Le fonctionnement interne du "canon" du Tractus du Requiem de Johannes Ockeghem
L'extrait que nous
analysons est la première moitié du Tractus du Requiem de
Johannes Ockeghem. Ockeghem est né en Flandre vers 1420 et mort
à Tours en 1497, après avoir été le maître
de chapelle des rois de France Charles VII, Louis XI et Charles VIII.
Il est interprété
par l'Ensemble Organum sous la direction de Marcel Pérès.
[édité
chez Harmonia Mundi dans un disque intitulé
"Ockeghem - Requiem". Numéro de catalogue HMC
901441
accès à sa présentation sur le site d'Harmonia Mundi]
[piste 16 du disque
6 du coffret "Les Très Riches Heures", minutage spécialement analysé : de 0 à 3'26]

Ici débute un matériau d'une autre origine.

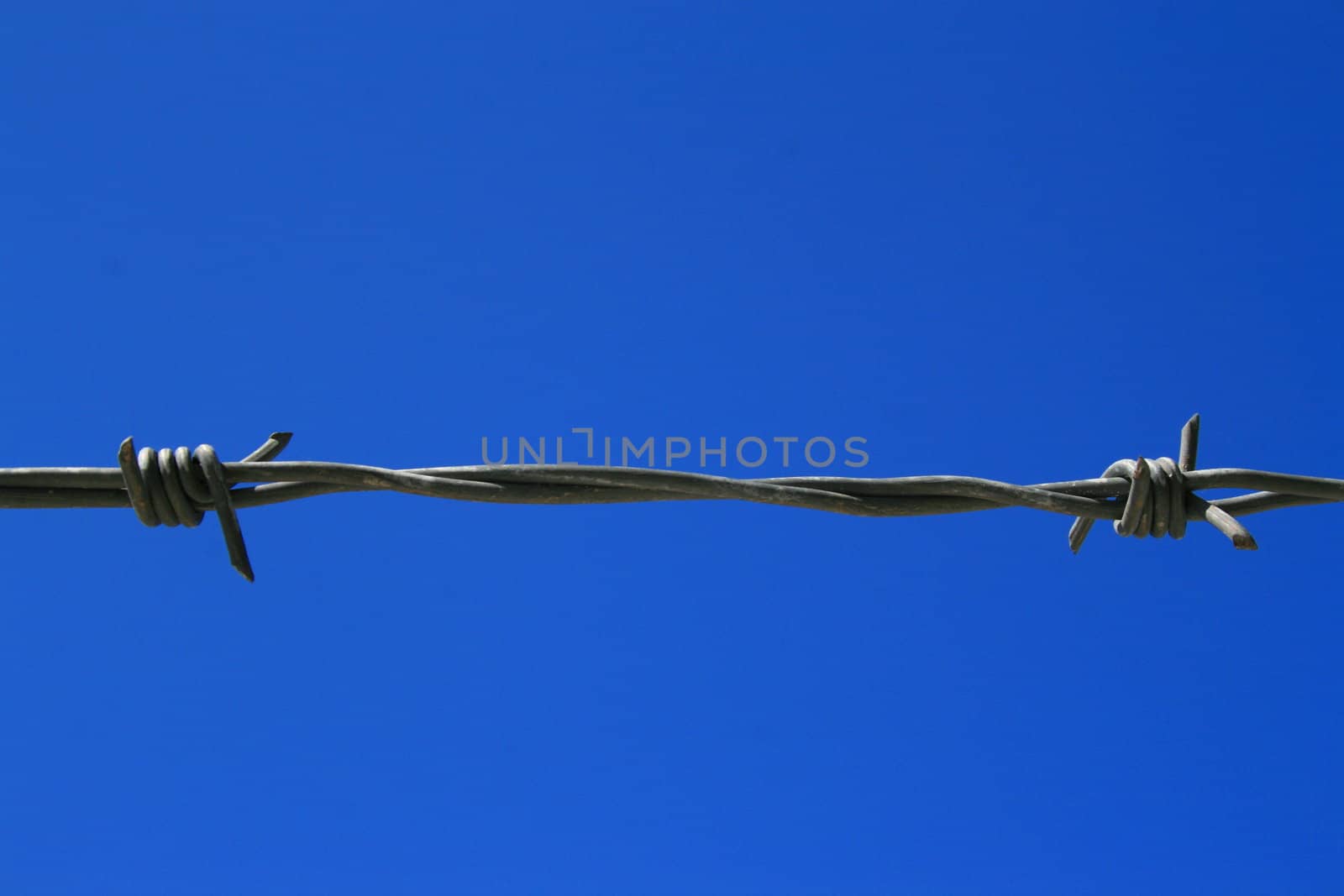 Close up of a barbed wire over blue sky.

À défaut d'en disposer, vous pouvez écouter l'extrait ici ou là
ou encore ici :
Pour les personnes
qui n'ont pas à leur disposition ce coffret d'Harmonia Mundi, mais
qui ont accès à celui édité par Naxos intitulé
"du Moyen Age à la Renaissance" [Réf. 8
550 309], il est signalé que les développements
qui suivent valent mot pour mot pour la fin du Gloria de la "Missa L'homme
armé" de Guillaume Dufay (vers 1400 - 1474), qu'ils trouveront sur
la piste 3 du disque Réf 8.553087 qui se trouve dans ce coffret
[minutage 4'15 à 6'57]. Ce disque peut
aussi être acheté indépendamment du coffret, l'interprétation
en est de l'Oxford Camera, sous la direction de Jeremy Summerly.

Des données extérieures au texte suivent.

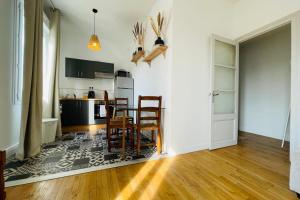 a kitchen with a table and chairs in a room at The Timeless - Balzacien in Tours +8 photos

À défaut d'en disposer, vous pouvez écouter l'extrait ici
ou encore ici :
Quand commence le Tractus,
progressivement les voix se décalent, et bientôt s'installe
la structure caractéristique d'un "canon". Un canon est la répétition
décalée d'une même mélodie, tel qu'on le fait
par exemple d'habitude lorsque l'on chante "Frère Jacques". Les
premiers exemples de canons connus nous sont parvenus de l'Angleterre du
XIIIème siècle, mais l'apogée de cette technique se
situe vers la fin du XVème siècle, notamment avec Josquin
des Prés (vers 1440 - 1521 ou 1524) qui réalisa même
sa messe "Ad Fugam" entièrement en canon.
Le canon - aussi appelé
"imitation", ou "imitation en canon" - apparaît donc comme
une forme qui traduit spécialement bien les relations que les musiciens
du XVème siècle cherchaient à faire entendre. Or,
qu'entend-on justement lorsqu'une même mélodie est répétée
en canon ?
- on perçoit
la même musique en deux temps décalés, ou même
d'avantage si le canon est à plus de deux voix. Pour bien suivre
et donc bien entendre chacune des mélodies, il faudrait pouvoir
oublier les autres, mais il faut entendre les autres précisément
pour pouvoir aussi les suivre. Cette écoute multiple simultanée
étant impossible, on est sans arrêt à prêter
de furtives attentions à chacune afin de voir comment l'ensemble
évolue. L'impression qui ressort de cette écoute est que
chaque mélodie suit librement un parcours indépendant qu'elle
ne partage pas avec les autres, et que pourtant ces diverses voix qui s'agitent
séparément restent en permanence coordonnées les unes
avec les autres pour générer ensemble cette texture commune
où elles se font échos. Cette façon de s'agiter ainsi
librement à plusieurs tout en restant coordonnés, correspond
parfaitement à la définition que l'on a donnée de
la traduction en musique du paradoxe "mouvement d'ensemble / autonomie".
Ainsi dans ce canon
d'Ockeghem se mélangent trois effets paradoxaux sans pourtant que
l'un puisse s'entendre indépendamment des autres, car ils s'organisent
dans une structure qui les satisfait tous les trois mais qu'aucun ne peut
faire à lui tout seul :
- le "mouvement d'ensemble
/ autonomie" permet que des voix différentes s'interpénètrent
de façon cohérente, mais il pourrait se contenter de cela,
sans obliger à ce que les mélodies qui s'interpénètrent
soient identiques. Cela ne gênerait pas son besoin d'autonomie que
les parcours entrelacés fassent des contorsions différentes.
- "l'entraîné
/ retenu" oblige lui à ce que cette cohérence voulue par
le paradoxe précédent s'incarne sous la forme d'un retour
régulier de la même chose. Mais lui aussi pourrait se contenter
de cela, sans pour autant que la structure n'ait la rigueur d'une "règle-kanôn"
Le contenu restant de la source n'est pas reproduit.